I use NXP
BC847C,215 NPN BJT transistors and
NX138AKR N-channel MOSFETs for similar purposes in my microcontroller circuits using 2.5V - 5V logic levels. NX138AK is similar to BSS138, but has a bit smaller gate charge, so switches faster.
I chose these basically because they suit my needs, they're cheap, NXP provides SPICE models that work in KiCAD/ngspice, and these are in SOT23-3 which my butterfingers can handle (even dead-bugging) but are not too large to use in prototype PCBs. (At Mouser, a hundred of each costs only 3.9€ and 5.5€, respectively.)
I use NX138AK as a low-side signal switch/inverting buffer, with source to ground, drain being the output with a pull-up resistor to positive rail. Then, the gate can be ±20V with respect to ground without breaking anything. Gate voltage of +2.6V or higher makes the MOSFET basically fully conduct (less than 4Ω on-resistance for currents below 100mA) so the pull-up resistor will be between positive rail and ground, and the output at ground. Gate voltage of 0V or less makes the MOSFET nonconductive, so the pull-up resistor pulls the output to near the positive rail. If I want the output to be low when the microcontroller pin (connected to the gate via a current-limiting resistor, typically 100Ω to 1kΩ to limit the current draw spike when the MOSFET changes state, the gate behaving similar to a capacitor) is floating (say, an input; or during startup), I add a pull-up resistor to the gate; if I want the output to be high, I add a pull-down resistor.

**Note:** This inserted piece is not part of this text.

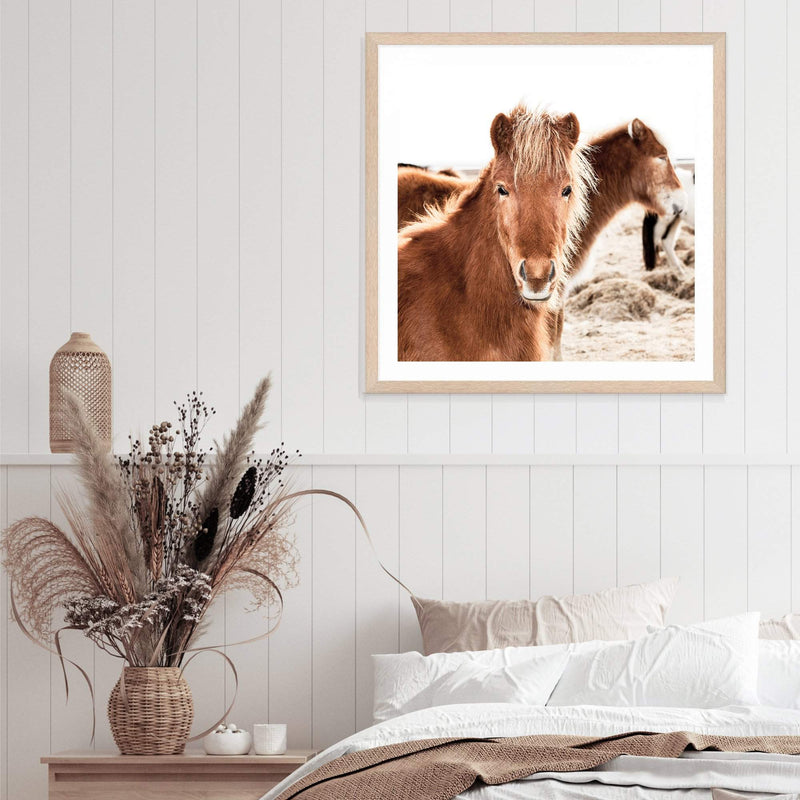 Wild Horses Square-The Paper Tree-animal,Art Print,art prints,Artwork,boho,framed,horse,horses,premium art print,square,stallion,TAN,wall art,Wall_Art,Wall_Art_Prints,wild horses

In comparison, the BC847C,215 NPN BJT only needs a current-limiting transistor on the base. When no current flows, the transistor does not conduct, so no pull-up/down resistor is needed on the base for the default case; and when the base is floating, the output is high. Emitter is connected to ground, and collector to positive rail via a pull-up resistor; collector is also the output. Base voltage of about +0.9V (at 5mA) is sufficient to pass 100mA from collector to emitter, but there is always a small voltage drop between collector and emitter, 0.1V-0.4V for this part depending on the base current and collector-emitter current.
The NPN BJT cannot pull the output as close to ground/the negative rail as the N-channel MOSFET can for low currents (< 20mA) at 3V logic. For higher current, the NPN BJT can pull the output closer to ground/the negative rail than the N-channel MOSFET can. At 10mA, the BC847C,215 BJT collector-emitter voltage drop is about 0.05V. For the NX138AK at 3V gate-source voltage, the drain-source resistance is about 3.5Ω, so the drain-source voltage drop is 10mA×3.5Ω = 0.035V. At 20mA, both drop 0.07V. At 50mA, the voltage drops are 0.1V and 0.175V, respectively.
I like using the NX138AK for voltage signal inputs (say, 10mA or less), because I know how it behaves for -20V to +20V input voltages, and for small currents the voltage drop is neglible. BC847C,215 is better for load switching (10mA - 50mA), especially for current-controlled loads like driving LEDs. For signal voltage level translation, I use dedicated ICs like TI TXU0n0m, 74LVC1T45/2T45/8T245, or even digital isolators like TI ISO6721 and so on. I do use
BC857C,215 PNP BJT for lowish currents, say < 50mA, and various higher power P-MOSFETs, for high-side switching, for example controlling positive supply to display modules, LEDs, and so on.